When FUTA applies
You owe FUTA if you paid wages of $1,500 or more in any calendar quarter, or had at least one employee for some part of a day in any 20 different weeks. The tax is 6.0% on the first $7,000 of wages per employee per year. Employers who pay state unemployment tax timely receive a credit of up to 5.4%, leaving an effective FUTA rate of 0.6% — about $42 per employee per year.
Annual filing
Form 940 is filed annually by January 31. If you make timely FUTA deposits in full, you get an extra 10 days to file. Deposits are required quarterly only if your accumulated FUTA liability exceeds $500 at the end of any quarter; otherwise it carries forward.
Credit reduction states
States that have outstanding federal unemployment loans can lose part of the 5.4% FUTA credit, raising the effective FUTA rate for employers in those states. The IRS publishes the credit-reduction list each November, so factor it into your January 31 filing math.
Excluded wages
Some wages are exempt from FUTA, including payments to the owner's spouse, children under 21, and parents (in certain entity structures), and most fringe benefits. Be careful — FICA exemptions and FUTA exemptions are not always identical.

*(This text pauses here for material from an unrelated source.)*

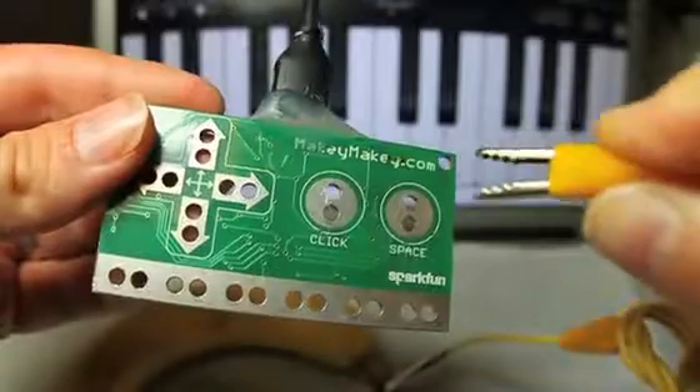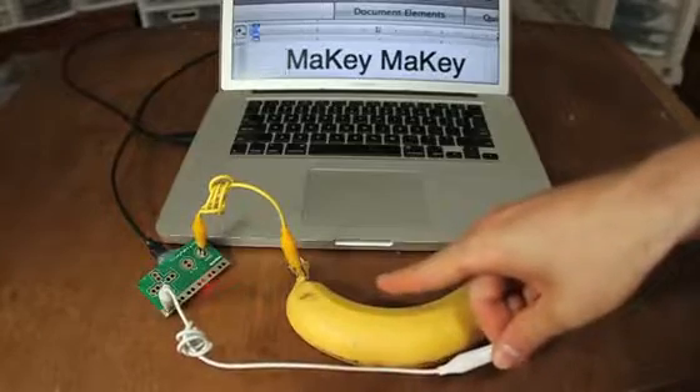Alligator clip stuff like bananas to your Makey Makey. When you touch the banana, your computer just thinks you're touching the keyboard.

Coordination with state unemployment
Each state has its own unemployment insurance return and rate. The state base wage and contribution rate vary widely. Your state-specific obligations are independent of FUTA but must be paid timely to preserve the federal 5.4% credit.
Where the numbers actually flow
Every dollar that touches Form 940, Employer's Annual Federal Unemployment (FUTA) Tax Return has a downstream destination — usually a line on Form 1040, a schedule that feeds Form 1040, or another supporting form. Tracing the flow once, with last year's return open in front of you, makes the form intuitive in a way that reading the instructions cold rarely does. The high-leverage takeaway is that small-business returns are interconnected: a change on one form ripples through three or four others, and a software package or preparer that does not recompute every dependent line on every change can produce silently incorrect results.